Me and my boyfriend and dog just finished the first half of this trail from the trailhead at Route 87 to Dry Run Road (around 30 miles so half). This trail is very difficult in many areas and has a lot A LOT of mild to difficult stream crossings and much elevation change in short distances. Even for regular backpackers like us we only accomplished 15 miles in the first day and we started at 9 am. I also want to clarify the we carried a backpacking GPS for mileage and the mile markers on the trail and in the Loyalsock Trail Guide are not accurate. We noticed this in the first 10 miles. It is disheartening and should be fixed. Having said that we will return and finish the other half soon. Very intense trail in central PA! Not for the weak willed!
Hiked this trail last year with a couple of buddies over a three day back-packing weekend in mid Feb after getting about 18” of fresh powder. We made the decision to do it with snow-shoes at the last minute, which was a great decision because it would’ve been impossible otherwise. Turns out we were going to be the only people out there that weekend, according to the ranger we checked in with before starting out. The goal was to do about 7-8 miles per day, which we which accomplished but it sure wasn’t easy. The trail goes up and down the mountain side almost continuously and gets pretty technical in some parts, which is no small feat with iced-globbed snow shoes and 50lbs on your back. There was a couple scenic vistas worthwhile to see. The hike altogether was brutal and we all were utterly exhausted. Will never to this again under those conditions, but a good strong hike for perhaps the spring and/or fall time.
I hiked this trail January 16-18 2016. We started at the office and hiked clockwise.
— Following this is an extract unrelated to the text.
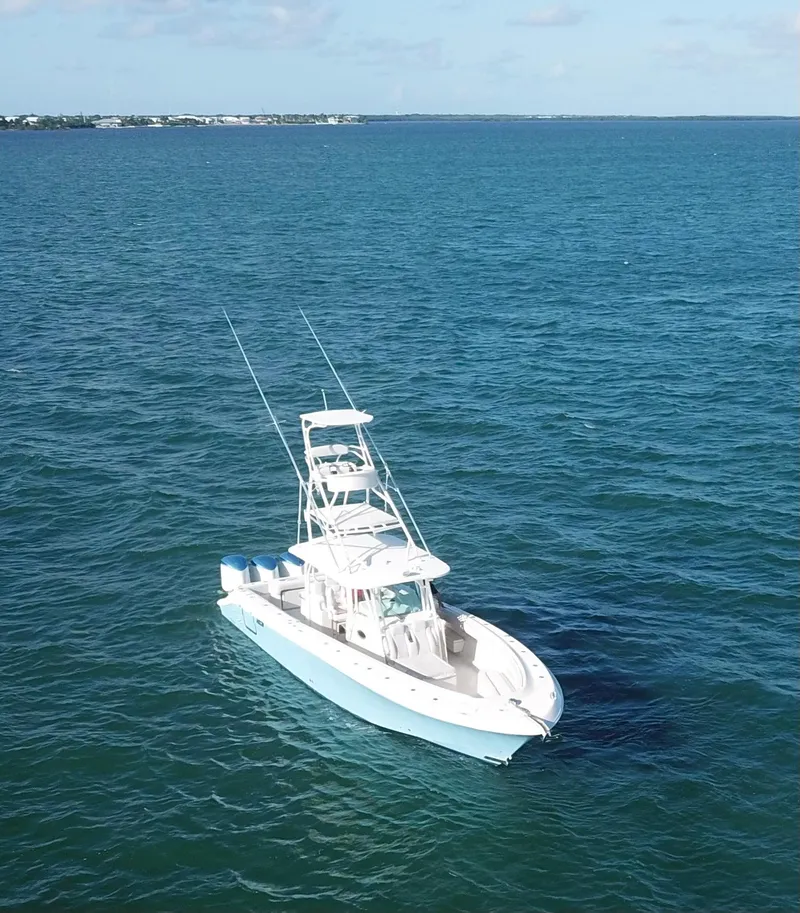 Slide: The Image of 2014 Hydra-Sports 42 boat on open ocean under clear sky. - 29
The initial ascent was a pretty good climb, but with fresh legs it wasn't bad. There was some snow and ice on the ground that made many parts of this trail just a little harder.
We camped at the first campsite at Sones pond on Saturday night. I would recommend the last campsite here. That one seemed a better protected from the pond. Especially if it is windy.
The Iron bridge is closed to vehicle traffic but as of now you are able to walk across it.
We stayed at the campsite right after Cold Run road. This is known as Devils Playground on some maps. There was a stream near the site. This area was very rocky and wet and it made for some difficulty putting up four small tents. Monday we woke up to a fresh layer of snow.
We were following three other hikers the whole time until we passed by them the last day. We had 5 runners pass us with saws. They were clearing the trail for an upcoming ultra-marathon. It was nice since they removed a lot of down trees along the trail. We seen 4 day hikers and 2 mountain bikers. So we did have some company while hiking but we never had to share a vista or a campsite.
All in all this was a nice scenic trail with a few decent climbs and descents. It was a very muddy trail in some parts. So be prepared to have wet and muddy feet most of the time during wet seasons. The LT was marked very well with the Link Trail only having a few spots where I questioned the direction the trail went.
Nic N. on Loyalsock Trail
Hard trail lots of rain and snow
We did this trail in reverse over Labor Day Weekend 2015- 2 nights and 2.5 days, using the Alpine Club of Williamsport Guide. The trail is well-marked and the guide was spot on. There were a few switchbacks: ascending from The Haystacks to the W&NB RR after the Register at mile marker 53; at Tom's Run/Alpine Falls. The water was hardly there anymore with it being late Summer.
As for the guide, the only thing I wish that could have been pointed out is the exact location of the Link Trail Entry point which was directly behind the World's End SP. It was a beautiful experience that I would do it again.